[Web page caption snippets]
▼

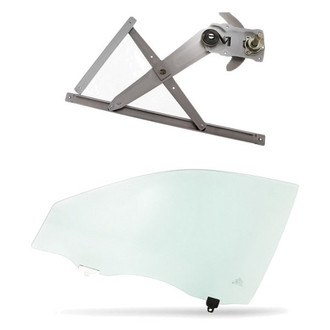 Replacement - 2-Piece (Front Driver Side Window Regulator, Door Glass) (Standard Line)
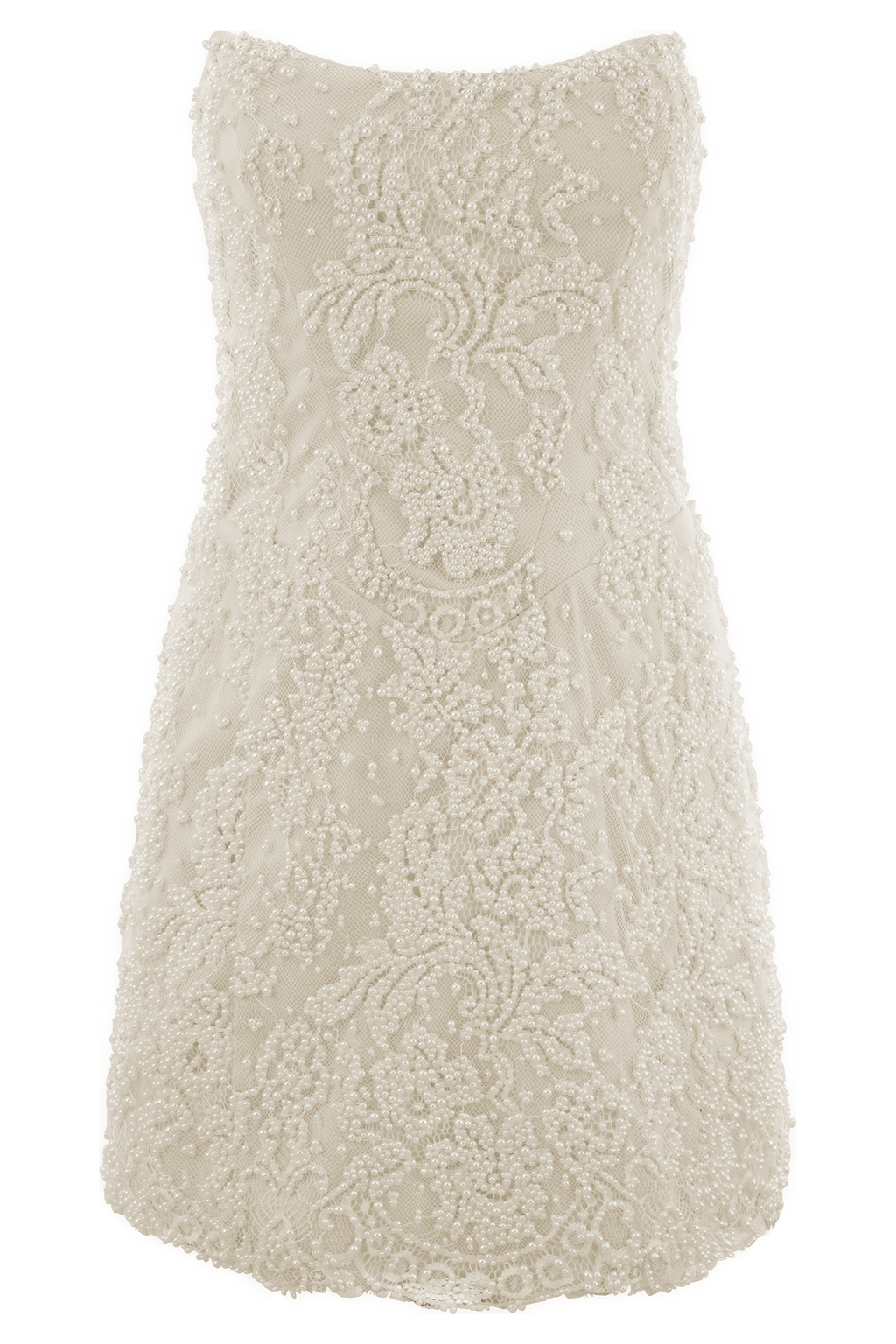 Eva Hand Beaded Pearl & Lace Mini Dress in White – Chic&Drifts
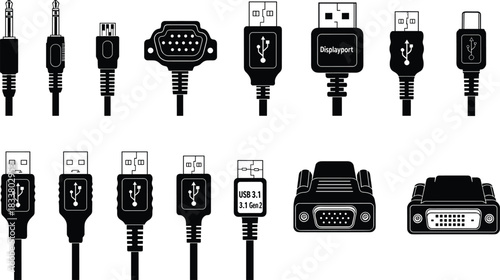 Large set of different black silhouette connector cables, including USB 3.1, HDMI, Audio Jack, DisplayPort, and VGA ports, representing computer, video, and electronic device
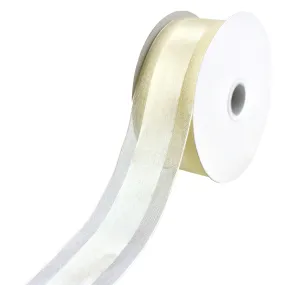 Satin with Sheer Organza Ribbon, 1-1/2-inch, 25-yard, Ivory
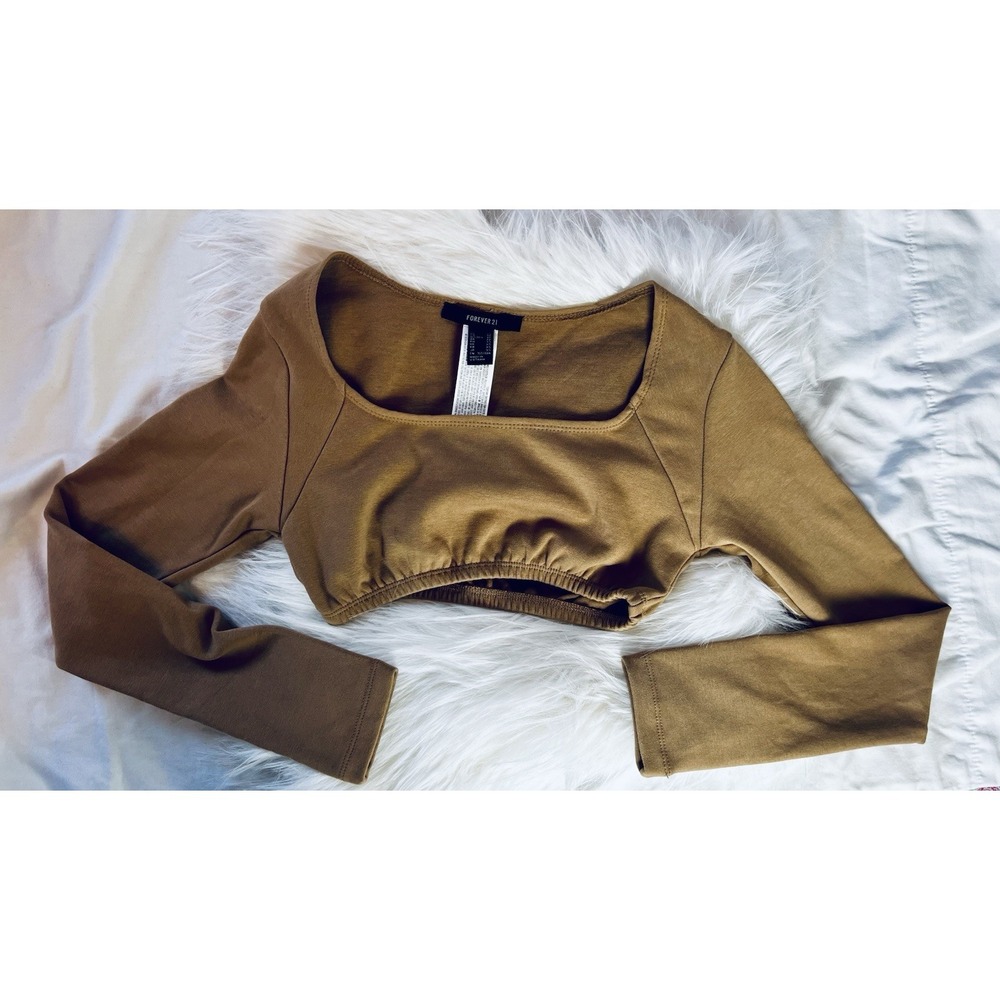 Forever 21 Long-sleeve Crop Top Brown Tan Size XS Top Cotton New No Tags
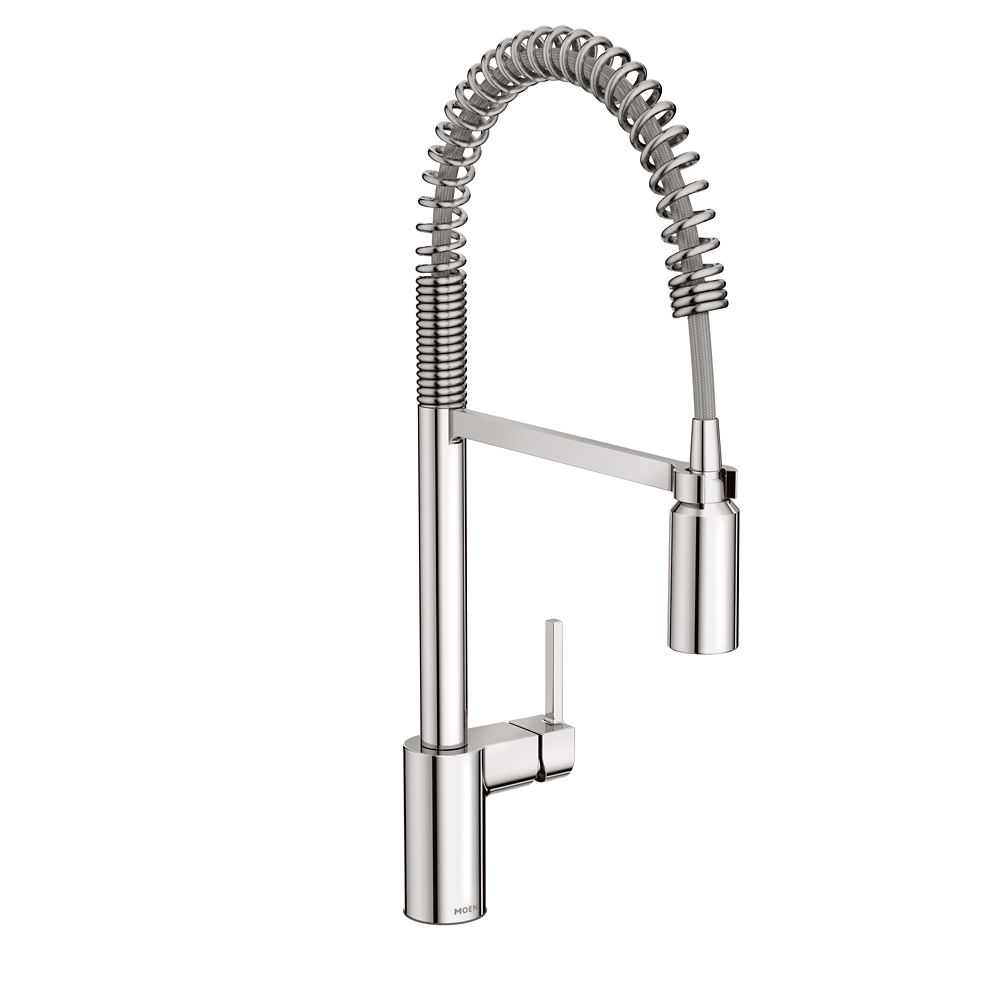 Moen Na Single Handle Pullout Kitchen Faucet In Spot Resist Moen Align Chrome One Handle Pre Rinse Spring Pulldown Kitchen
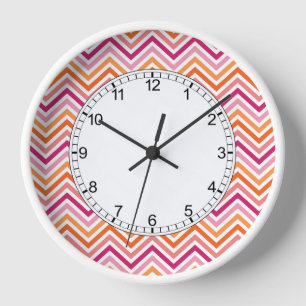 Horloge Motif de Chevron d'orange et de roses indien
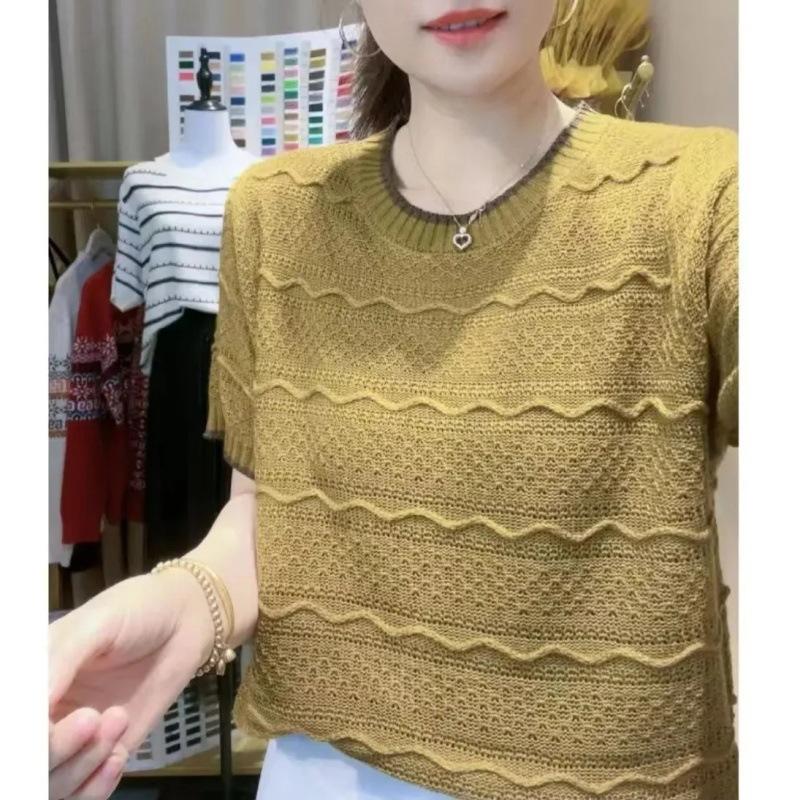 Summer Round Neck Knitted T-shirt Striped Hollow Ice Silk Knitted Short Sleeved T-shirt for Women
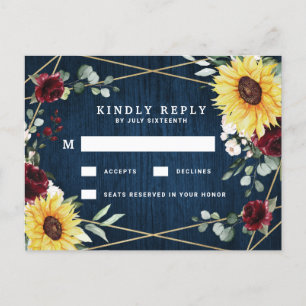 Sunflowers Burgundy Navy Geometric Wedding RSVP Postcard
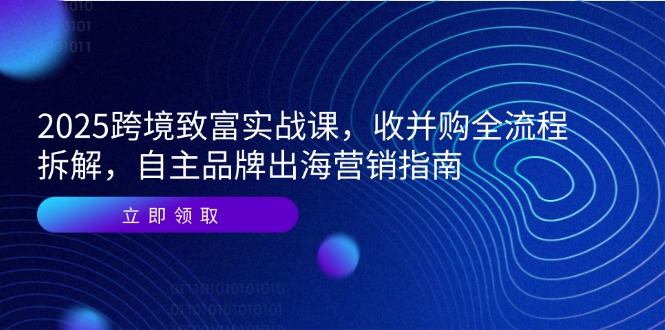 2025跨境致富實戰課，收并購全流程拆解，自主品牌出海營銷指南 - 嚴選資源大全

▲

### Activity
The records are to be retyped in full and exactly, with no image carried over.

### Response area
 Replacement - 2-Piece (Front Driver Side Window Regulator, Door Glass) (Standard Line)
 Eva Hand Beaded Pearl & Lace Mini Dress in White – Chic&Drifts
 Large set of different black silhouette connector cables, including USB 3.1, HDMI, Audio Jack, DisplayPort, and VGA ports, representing computer, video, and electronic device
 Satin with Sheer Organza Ribbon, 1-1/2-inch, 25-yard, Ivory
 Forever 21 Long-sleeve Crop Top Brown Tan Size XS Top Cotton New No Tags
 Moen Na Single Handle Pullout Kitchen Faucet In Spot Resist Moen Align Chrome One Handle Pre Rinse Spring Pulldown Kitchen
 Horloge Motif de Chevron d'orange et de roses indien
 Summer Round Neck Knitted T-shirt Striped Hollow Ice Silk Knitted Short Sleeved T-shirt for Women
 Sunflowers Burgundy Navy Geometric Wedding RSVP Postcard
 2025跨境致富實戰課，收并購全流程拆解，自主品牌出海營銷指南 - 嚴選資源大全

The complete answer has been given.